Preaching and Worship Resources about Sabbath

An antidote to various forms of restlessness, God's gift of a sabbath is meant for relief from work, for replenishment, for worship, and for kindness to the poor.

In Scripture

"On the seventh day God finished the work that he had done, and he rested on the seventh day from all the work that he had done. So God blessed the seventh day and hallowed it, because on it God rested from all the work that he had done in creation" (Gen. 2:2 - 3).

"Remember the sabbath day, and keep it holy. Six days you shall labor and do all your work. But the seventh day is a sabbath to the Lord your God; you shall not do any work — you, your son or your daughter, your male or female slave, your livestock, or the alien resident in your towns. For in six days the Lord made heaven and earth, the sea, and all that is in them, but rested the seventh day; therefore the Lord blessed the sabbath day and consecrated it" (Ex. 20:8 - 11).

"Six days you shall work, but on the seventh day you shall rest; even in plowing time and in harvest time you shall rest" (Ex. 34:21).

"Observe the sabbath day and keep it holy, as the Lord your God commanded you. . . . Remember that you were a slave in the land of Egypt, and the Lord your God brought you out from there with a mighty hand and an outstretched arm; therefore the Lord your God commanded you to keep the sabbath day" (Deut. 5:12, 15).

"You have despised my holy things, and profaned my sabbaths" (Ezek. 22:8).

"He left that place and entered their synagogue; a man was there with a withered hand, and they asked him, 'Is it lawful to cure on the sabbath?' so that they might accuse him. He said to them, 'Suppose one of you has only one sheep and it falls into a pit on the sabbath; will you not lay hold of it and lift it out? How much more valuable is a human being than a sheep! So it is lawful to do good on the sabbath.' Then he said to the man, 'Stretch out your hand.' He stretched it out, and it was restored, as sound as the other" (Matt. 12:9 - 13).

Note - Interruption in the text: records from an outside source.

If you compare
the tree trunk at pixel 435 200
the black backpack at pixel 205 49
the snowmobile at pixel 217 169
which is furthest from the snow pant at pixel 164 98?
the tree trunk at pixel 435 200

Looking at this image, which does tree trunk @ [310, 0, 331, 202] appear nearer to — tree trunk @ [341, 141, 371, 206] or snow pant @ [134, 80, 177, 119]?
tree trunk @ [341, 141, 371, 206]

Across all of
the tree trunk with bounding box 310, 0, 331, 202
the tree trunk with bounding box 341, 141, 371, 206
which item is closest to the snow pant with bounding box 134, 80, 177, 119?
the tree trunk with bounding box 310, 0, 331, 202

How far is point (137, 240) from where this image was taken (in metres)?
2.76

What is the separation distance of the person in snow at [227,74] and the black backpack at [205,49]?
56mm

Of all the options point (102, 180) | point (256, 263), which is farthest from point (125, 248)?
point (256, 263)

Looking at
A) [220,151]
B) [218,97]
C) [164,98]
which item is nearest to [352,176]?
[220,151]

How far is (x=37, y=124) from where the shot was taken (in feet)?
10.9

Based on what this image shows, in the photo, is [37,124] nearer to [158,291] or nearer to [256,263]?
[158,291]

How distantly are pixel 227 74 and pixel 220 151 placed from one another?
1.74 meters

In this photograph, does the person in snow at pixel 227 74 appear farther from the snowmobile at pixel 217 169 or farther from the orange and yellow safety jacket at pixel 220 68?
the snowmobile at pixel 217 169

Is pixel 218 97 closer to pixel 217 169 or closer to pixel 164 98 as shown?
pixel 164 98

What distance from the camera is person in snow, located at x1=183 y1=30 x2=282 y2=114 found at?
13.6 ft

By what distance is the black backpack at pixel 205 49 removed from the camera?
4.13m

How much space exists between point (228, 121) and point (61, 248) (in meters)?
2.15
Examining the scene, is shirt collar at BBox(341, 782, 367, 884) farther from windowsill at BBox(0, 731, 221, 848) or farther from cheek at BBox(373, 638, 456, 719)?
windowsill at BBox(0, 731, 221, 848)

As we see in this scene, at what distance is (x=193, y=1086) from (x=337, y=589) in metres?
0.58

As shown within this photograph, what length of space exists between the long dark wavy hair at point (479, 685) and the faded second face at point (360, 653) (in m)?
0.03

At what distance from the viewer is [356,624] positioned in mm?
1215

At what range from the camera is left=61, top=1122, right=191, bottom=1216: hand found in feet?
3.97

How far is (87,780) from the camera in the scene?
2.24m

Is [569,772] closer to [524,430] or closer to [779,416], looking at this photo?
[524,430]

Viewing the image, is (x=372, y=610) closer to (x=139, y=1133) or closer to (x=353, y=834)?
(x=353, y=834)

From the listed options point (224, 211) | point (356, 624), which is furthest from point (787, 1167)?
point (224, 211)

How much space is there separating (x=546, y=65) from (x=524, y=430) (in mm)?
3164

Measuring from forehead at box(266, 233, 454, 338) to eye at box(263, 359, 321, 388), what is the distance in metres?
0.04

"After the sabbath, as the first day of the week was dawning, Mary Magdalene and the other Mary went to see the tomb. And suddenly there was a great earthquake; for an angel of the Lord, descending from heaven, came and rolled back the stone and sat on it. His appearance was like lightning, and his clothing white as snow. For fear of him the guards shook and became like dead men. But the angel said to the women, `Do not be afraid; I know that you are looking for Jesus who was crucified. He is not here; for he has been raised, as he said. Come, see the place where he lay'" (Matt. 28:1 - 6).

"One sabbath he was going through the grain fields; and as they made their way his disciples began to pluck heads of grain. The Pharisees said to him, `Look, why are they doing what is not lawful on the sabbath?' And he said to them, `Have you never read what David did when he and his companions were hungry and in need of food? He entered the house of God, when Abiathar was high priest, and ate the bread of the Presence, which it is not lawful for any but the priests to eat, and he gave some to his companions.' Then he said to them, `The sabbath was made for humankind, and not humankind for the sabbath; so the Son of Man is lord even of the sabbath'" (Mark 2:23 - 28).

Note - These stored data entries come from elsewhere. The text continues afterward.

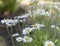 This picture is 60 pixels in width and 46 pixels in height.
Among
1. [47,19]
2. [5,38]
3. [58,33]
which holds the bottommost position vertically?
[5,38]

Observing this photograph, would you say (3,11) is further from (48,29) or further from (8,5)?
(48,29)

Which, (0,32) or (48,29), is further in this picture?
(0,32)

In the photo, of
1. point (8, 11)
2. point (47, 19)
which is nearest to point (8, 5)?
point (8, 11)

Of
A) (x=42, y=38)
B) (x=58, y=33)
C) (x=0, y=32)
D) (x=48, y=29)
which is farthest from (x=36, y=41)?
(x=0, y=32)

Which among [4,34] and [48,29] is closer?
[48,29]

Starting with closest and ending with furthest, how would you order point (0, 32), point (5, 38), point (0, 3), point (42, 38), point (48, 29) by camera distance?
point (42, 38)
point (48, 29)
point (5, 38)
point (0, 32)
point (0, 3)

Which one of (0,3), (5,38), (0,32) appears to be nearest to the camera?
(5,38)

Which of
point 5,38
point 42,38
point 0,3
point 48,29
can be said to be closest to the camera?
point 42,38

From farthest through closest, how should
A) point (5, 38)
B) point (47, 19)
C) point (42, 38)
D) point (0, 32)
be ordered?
point (0, 32)
point (5, 38)
point (47, 19)
point (42, 38)

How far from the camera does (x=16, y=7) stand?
387cm

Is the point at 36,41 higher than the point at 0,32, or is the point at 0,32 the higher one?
the point at 36,41

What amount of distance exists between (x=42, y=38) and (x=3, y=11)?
205cm

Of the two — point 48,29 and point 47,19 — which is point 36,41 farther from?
point 47,19

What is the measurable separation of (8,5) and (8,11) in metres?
0.12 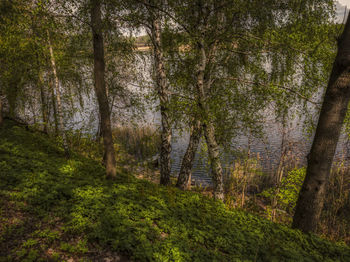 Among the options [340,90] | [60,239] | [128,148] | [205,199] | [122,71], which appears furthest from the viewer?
[128,148]

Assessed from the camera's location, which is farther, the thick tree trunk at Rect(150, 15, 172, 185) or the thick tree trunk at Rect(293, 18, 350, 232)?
the thick tree trunk at Rect(150, 15, 172, 185)

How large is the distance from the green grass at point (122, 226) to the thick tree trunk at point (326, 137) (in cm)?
58

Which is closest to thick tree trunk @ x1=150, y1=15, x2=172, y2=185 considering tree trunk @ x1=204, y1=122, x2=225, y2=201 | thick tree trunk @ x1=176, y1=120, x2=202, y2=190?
thick tree trunk @ x1=176, y1=120, x2=202, y2=190

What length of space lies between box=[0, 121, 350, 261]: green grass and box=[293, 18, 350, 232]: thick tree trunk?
58cm

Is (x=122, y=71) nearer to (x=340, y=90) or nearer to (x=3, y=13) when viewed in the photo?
(x=3, y=13)

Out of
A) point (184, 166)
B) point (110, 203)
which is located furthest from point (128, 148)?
point (110, 203)

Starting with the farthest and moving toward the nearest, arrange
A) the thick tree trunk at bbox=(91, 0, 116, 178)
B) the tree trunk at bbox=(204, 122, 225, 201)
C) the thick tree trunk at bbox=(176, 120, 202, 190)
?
the thick tree trunk at bbox=(176, 120, 202, 190) → the tree trunk at bbox=(204, 122, 225, 201) → the thick tree trunk at bbox=(91, 0, 116, 178)

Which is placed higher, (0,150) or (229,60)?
(229,60)

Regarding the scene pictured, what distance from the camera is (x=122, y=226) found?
3.91 metres

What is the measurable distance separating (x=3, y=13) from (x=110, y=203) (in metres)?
5.95

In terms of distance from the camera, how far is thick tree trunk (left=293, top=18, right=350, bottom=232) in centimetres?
420

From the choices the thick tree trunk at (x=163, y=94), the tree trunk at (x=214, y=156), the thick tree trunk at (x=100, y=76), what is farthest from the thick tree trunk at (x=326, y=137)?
the thick tree trunk at (x=100, y=76)

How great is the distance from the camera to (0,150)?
6789 millimetres

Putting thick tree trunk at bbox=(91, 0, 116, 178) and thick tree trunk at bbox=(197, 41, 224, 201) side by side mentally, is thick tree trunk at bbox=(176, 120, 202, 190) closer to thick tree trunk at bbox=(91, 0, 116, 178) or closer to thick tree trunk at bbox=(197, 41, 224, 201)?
thick tree trunk at bbox=(197, 41, 224, 201)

"Do not let anyone condemn you in matters of food and drink or of observing festivals, new moons, or sabbaths" (Col. 2:16).

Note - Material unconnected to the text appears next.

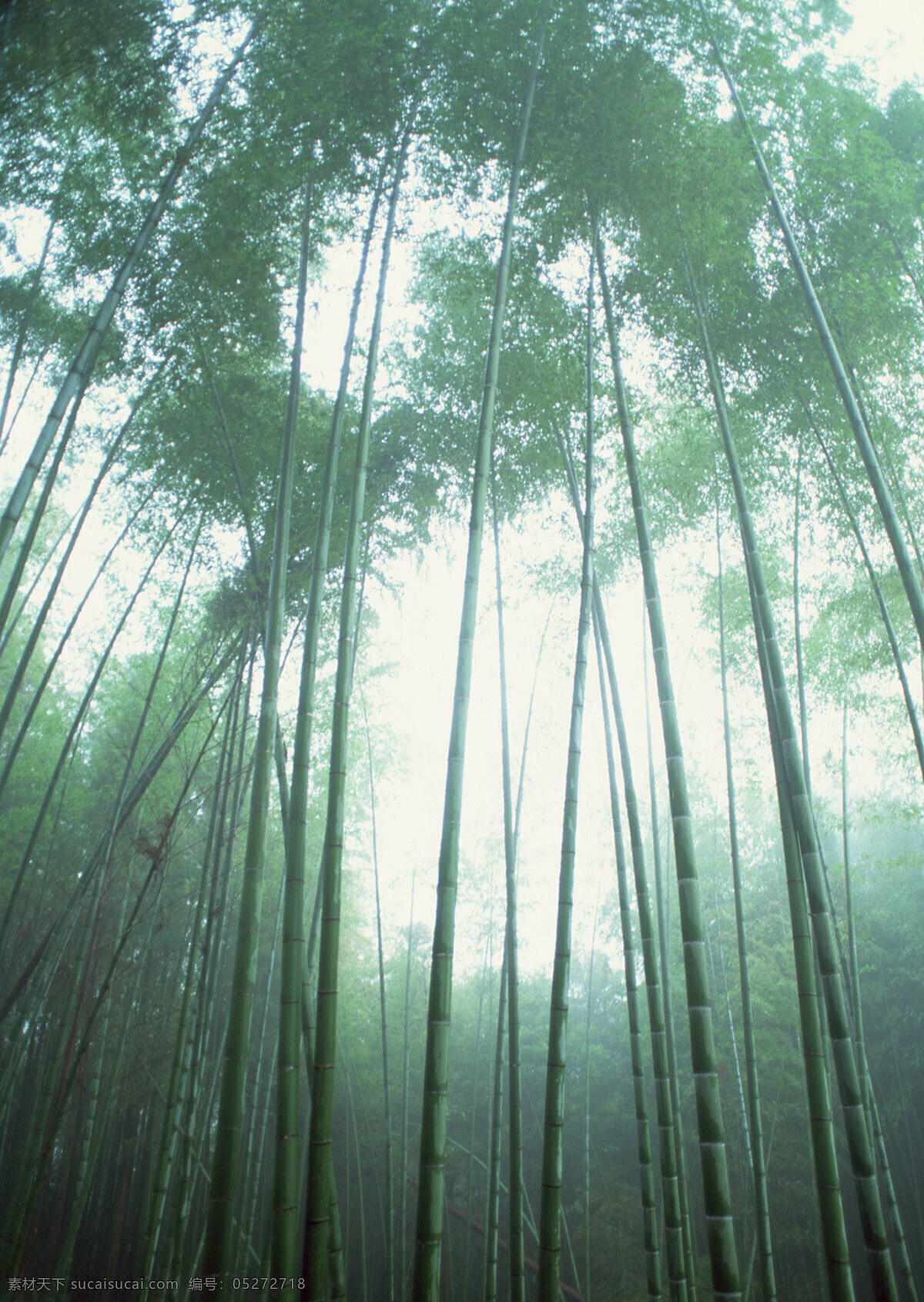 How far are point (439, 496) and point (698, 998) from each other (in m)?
3.58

"So then, a sabbath rest still remains for the people of God; for those who enter God's rest also cease from their labors as God did from his. Let us therefore make every effort to enter that rest, so that no one may fall through such disobedience as theirs" (Heb. 4:9 - 11).

Points to Ponder

Rest from work The Sabbath day is, first of all, for rest from work. That's the point of the commandment in Exodus 20:8 - 11. Anchored in the creation sequence (God worked six days and rested on the seventh), the Sabbath is our duplication of God's seventh day, intended for relief, refreshment, and re-creation. It's important to note that the Sabbath was and is intended not only for householders, but also for their children, their slaves, their animals, and for any resident aliens who may be about.

Release from bondage As Deuteronomy 5 reveals, the backstory here is the Israelites' history of being slaves in Egypt, where Pharaoh made them work all seven days. When God commands rest, God is undercutting Egyptian tyranny by mandating relief — pointedly, for the Israelites' own slaves. From a vantage point in the twenty-first century, we naturally wonder why the people of God had slaves at all. Isn't slavery inherently evil? Yes, and mandated rest for slaves is a first step toward the eventual dismantling of slavery by Jews and Christians. For Christians, its centerpiece is that in Christ "there is no longer slave or free" (Gal. 3:28).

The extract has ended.